GET test_date_range/_search?filter_path=aggregations.date.buckets.key_as_string,aggregations.date.buckets.max.value
{
  "size":0,
  "aggs": {
    "date": {
      "date_histogram": {
        "field": "dateRange",
        "calendar_interval": "month"
      },
      "aggs": {
        "max": {
          "max": {
            "field": "val"
          }
        }
      }
    }
  }
}
{
  "aggregations" : {
    "date" : {
      "buckets" : [
        {
          "key_as_string" : "2022-01-01T00:00:00.000Z",
          "max" : {
            "value" : 2.0
          }
        },
        {
          "key_as_string" : "2022-02-01T00:00:00.000Z",
          "max" : {
            "value" : 2.5
          }
        },
        {
          "key_as_string" : "2022-03-01T00:00:00.000Z",
          "max" : {
            "value" : 2.5
          }
        },
        {
          "key_as_string" : "2022-04-01T00:00:00.000Z",
          "max" : {
            "value" : 2.700000047683716
          }
        },
        {
          "key_as_string" : "2022-05-01T00:00:00.000Z",
          "max" : {
            "value" : 2.700000047683716
          }
        },
        {
          "key_as_string" : "2022-06-01T00:00:00.000Z",
          "max" : {
            "value" : 2.700000047683716
          }
        },
        {
          "key_as_string" : "2022-07-01T00:00:00.000Z",
          "max" : {
            "value" : 2.700000047683716
          }
        },
        {
          "key_as_string" : "2022-08-01T00:00:00.000Z",
          "max" : {
            "value" : 2.700000047683716
          }
        },
        {
          "key_as_string" : "2022-09-01T00:00:00.000Z",
          "max" : {
            "value" : 2.700000047683716
          }
        },
        {
          "key_as_string" : "2022-10-01T00:00:00.000Z",
          "max" : {
            "value" : 2.700000047683716
          }
        },
        {
          "key_as_string" : "2022-11-01T00:00:00.000Z",
          "max" : {
            "value" : 2.700000047683716
          }
        },
        {
          "key_as_string" : "2022-12-01T00:00:00.000Z",
          "max" : {
            "value" : 2.700000047683716
          }
        }
      ]
    }
  }
}

Though it is not documented, the relation between date_range field and date histogram bucket range is limited to "INTERSECTS".

Range queries over range fields support relation parameter which can be one of WITHIN , CONTAINS , INTERSECTS (default). There is no such parameter in Histogram aggregation over range fields, however. (Maybe it is worth creating feature request in Github repository, if you want.)

(To check this behavior, I added ranges start/end in the middle of month.)

Thank you So much @Tomo_M for your help.
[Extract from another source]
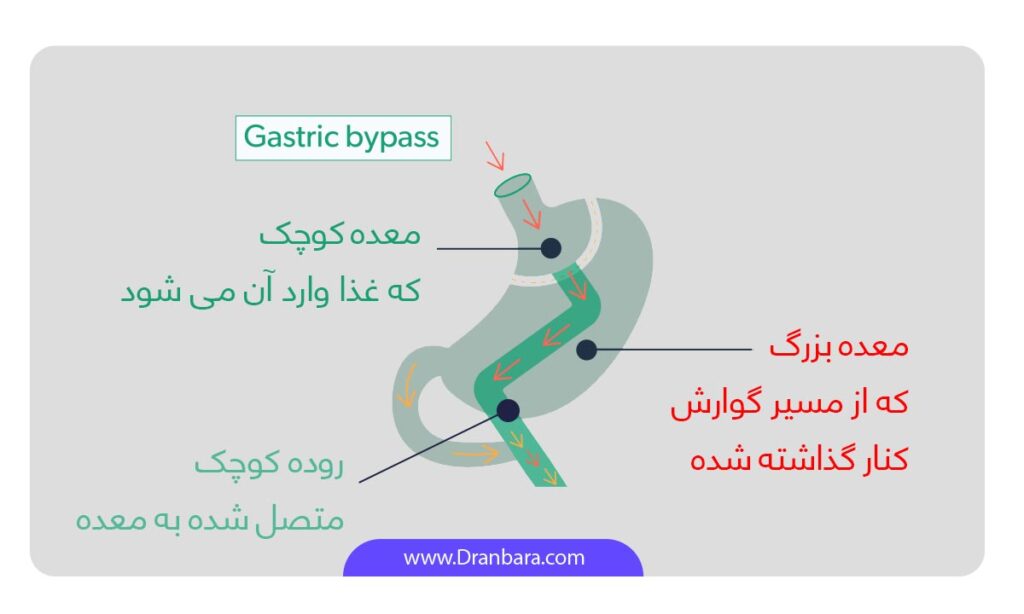 عکس شماتیک عبور غذا از کانال گوارش قبل و بعد از عمل بای پس معده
This solved my problem:)

1 Like

I'm glad to hear my answer help you. If you satisfied with my answer, please check as Solution. Thanks!

it also worked for me, thanks for the useful answers.

1 Like

actually i also had same issue.. .

This topic was automatically closed 28 days after the last reply. New replies are no longer allowed.